Importing a CSV File
Proc Import can also be used to import a CSV file.
Let's look at the csv_practice_01.csv file.
This is a very simple CSV file with just three columns:
It is not difficult to import this file. The code is shown below:
Filename csv_fl1 '<your file location>/csv_practice_01.csv'; proc import datafile=csv_fl1 out = csv_fl1 dbms = csv replace; run;
Note: you must change the location path in the code before you run it.
Importing a CSV file is similar to importing an Excel spreadsheet. There are only two things you need to change:
Run the code in SAS Studio, and you will have imported the file:
When importing a CSV file, SAS uses the first 20 observations to determine the attributes (data type and the length) of the variables.
In our previous example, the first 20 observations of the Alert Count column were numeric values.
As a result, SAS assumes that all other values in this column are also numeric.
This could cause issues later if there are values in this column that are not numeric.
Let's look at the csv_practice_02.csv file:
On row 22, the Alert Count field has an 'unknown' character value.

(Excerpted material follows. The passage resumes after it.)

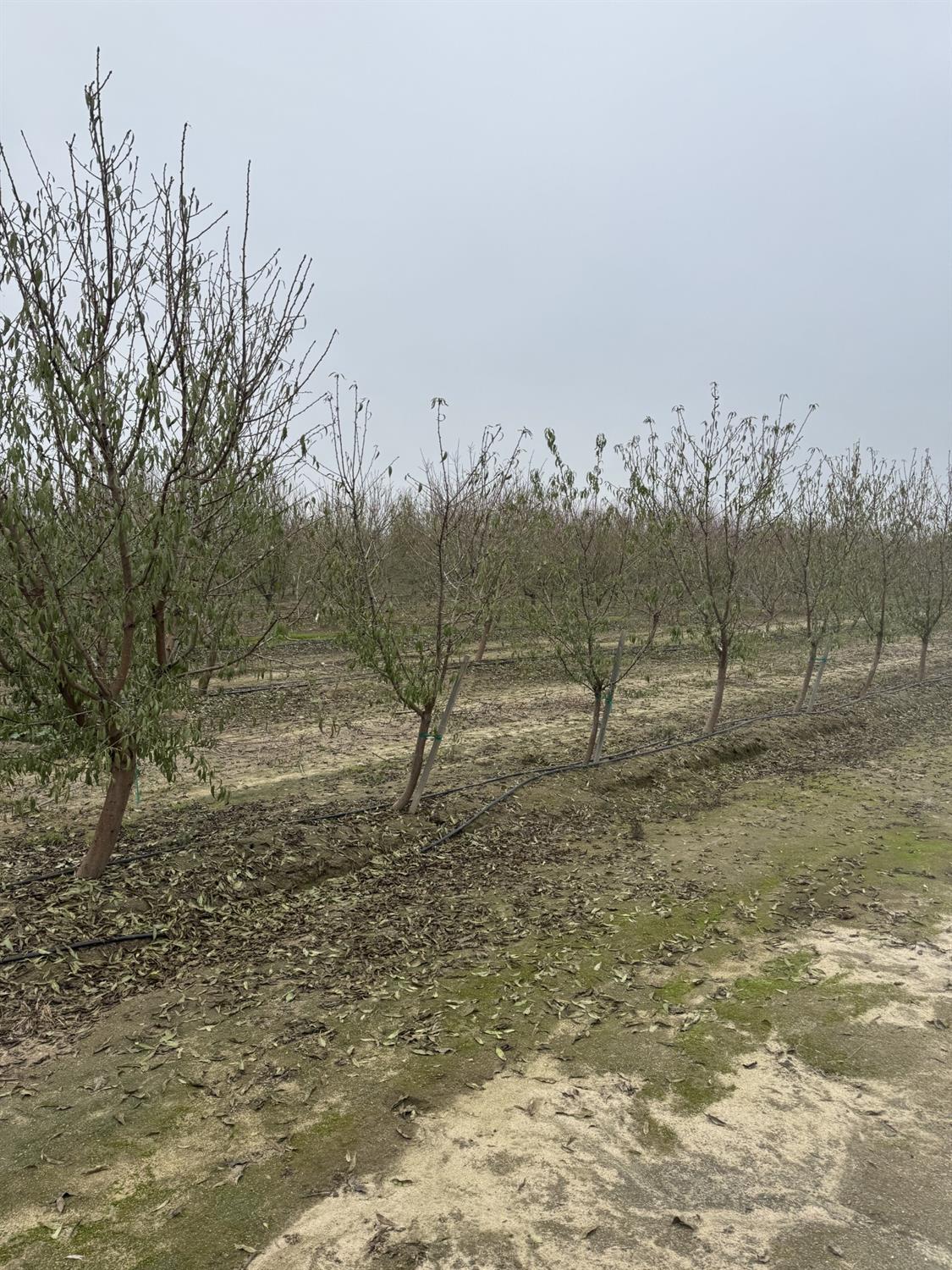 0 0 Avenue 12, Madera, CA 93637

We also have a longer comment in the Comments column (i.e., 'Further investigation required' vs 'No comments').
Let's import the file using the code we have learned so far.
Filename csv_fl2 '/home/kisumsam/proc_import/csv_practice_02.csv'; proc import datafile=csv_fl2 out = csv_fl2 dbms = csv replace; run;
You will see the following note on the SAS log along with the error message:
NOTE: Invalid data for ALERT_COUNT in line 23 12-18.
23 2018-05-27,Unknown,Further investigation required 49
DATE=2018-05-27 ALERT_COUNT=. Comments=Further inv _ERROR_=1 _N_=22
ERROR: Import unsuccessful. See SAS Log for details.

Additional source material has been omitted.